Now you have everything running on the instance. Then you have to do some AWS-specific things (if using CloudFormation, that would include a pile of JSON). Here’s the list:

you can either have an auto-scaling group with one instance, or a single instance. I prefer the ASG, though the other one is a bit simpler. The ASG gives you auto-respawn if the instance dies.
set the above script to be invoked in the UserData of the launch configuration of the instance/asg (e.g. by getting it from s3 first)
allow UDP port 12201 (the default logging port). That should happen for the instance/asg security group (inbound), for the application nodes security group (outbound), and also as a network ACL of your VPC. Test the UDP connection to make sure it really goes through. Keep the access restricted for all sources, except for your instances.

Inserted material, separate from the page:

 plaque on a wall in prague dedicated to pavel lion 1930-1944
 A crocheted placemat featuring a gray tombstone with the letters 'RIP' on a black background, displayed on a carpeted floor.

you need to pass the private IP address of your graylog server instance to all the application nodes. That’s tricky on AWS, as private IP addresses change. That’s why you need something stable. You can’t use an ELB (load balancer), because it doesn’t support UDP. There are two options:
- Associate an Elastic IP with the node on startup. Pass that IP to the application nodes. But there’s a catch – if they connect to the elastic IP, that would go via NAT (if you have such), and you may have to open your instance “to the world”. So, you must turn the elastic IP into its corresponding public DNS. The DNS then will be resolved to the private IP. You can do that by manually and hacky:
```
GRAYLOG_ADDRESS="ec2-$GRAYLOG_ADDRESS//./-}.us-west-1.compute.amazonaws.com"
```
  or you can use the AWS EC2 CLI to obtain the instance details of the instance that the elastic IP is associated with, and then with another call obtain its Public DNS.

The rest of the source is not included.